Yes, there are cases where absolute precision is required - I think they'd
be better off using numeric offsets than inventing their own abbreviations,
but as long as they're defining what works for them, it probably doesn't
matter.

  | My guess is that
  | the officials there dislike abbreviations ending in "DT" as the phrase
  | "Summer Time" is more common, and they don't feel the need for the
  | leading "A" as their reports are only about Australian accidents.

On the leading "A" in general, "A" meaning "Australia" is only ever used
in places where everyone would know it is Australia anyway, A is such a common
letter (AEST could be "American Eastern Standard Time" - since it covers
all of North America, and I think Central America, probably even parts
of South America, though it wouldn't be Eastern there... - it could also
be African Eastern Standard Time, if East Africa ever decided to have a common
name for their timezone.)   "AU" (or AUS) is Australia, not just "A".

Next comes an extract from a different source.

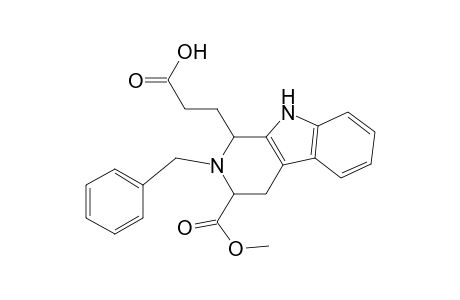 2-Benzyl-3-(methoxycarbonyl)-1,2,3,4-tetrahydro-9H-pyrido[3,4-b]indole-1-propionic acid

Of course, inside Australia, people do sometimes use AEST to mean Aus EST
when used by people who know there is an EST in North America, and who are
trying to be (usually unnecessarily) clear - but take AEST as a string to
someone (not on this list or other like it) in Europe, or anywhere in the
Americas, and ask them to guess what it represents, and the chances of many of 
them guessing "A" for Australia is pretty small.

  | That's an interesting theory, but I think it more plausible that it
  | was simply an accident.

That could be too, of course.

  | I chalk up most of these problems to inadequate time zone software
  | more than to inadequate mail software.  For example, a few people are
  | still stuck with POSIX time zones and must set TZ='NZST-12...'.  It is
  | easy to go wrong and set TZ='NZST+12' instead.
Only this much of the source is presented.